(Aim of the task): Can you transcribe the data exactly? Leave the pictures out.

━━━ Data segment ━━━

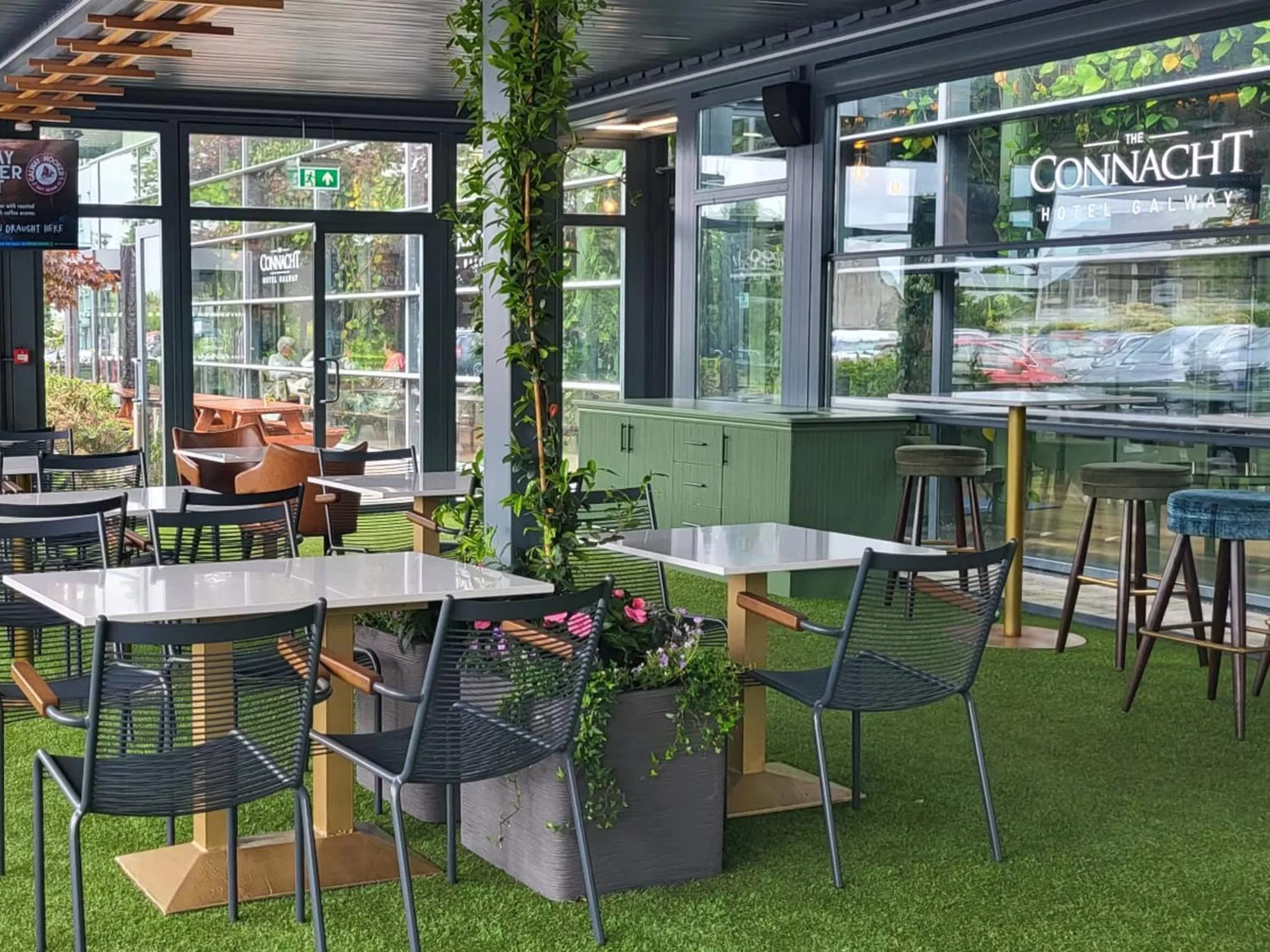 Restaurant/places to eat in The Connacht Hotel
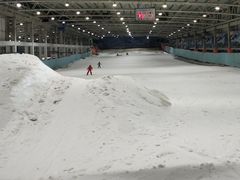 -乔波室内滑雪场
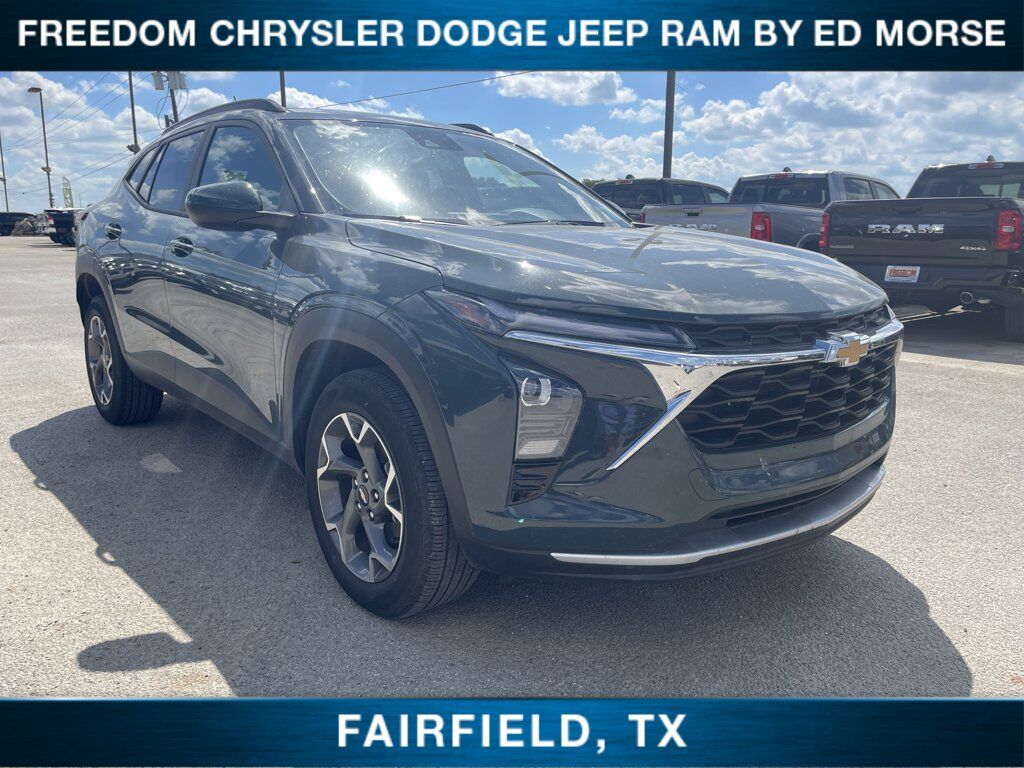 2025 CHEVROLET Trax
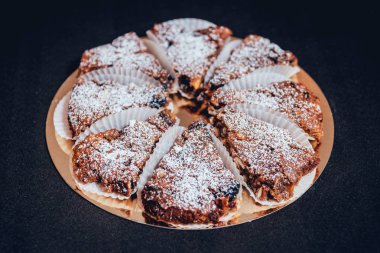 Çikolatalı kek koyu arka plan, portre, selectife odak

━━━

(Answer for this exercise):
 Restaurant/places to eat in The Connacht Hotel
 -乔波室内滑雪场
 2025 CHEVROLET Trax
 Çikolatalı kek koyu arka plan, portre, selectife odak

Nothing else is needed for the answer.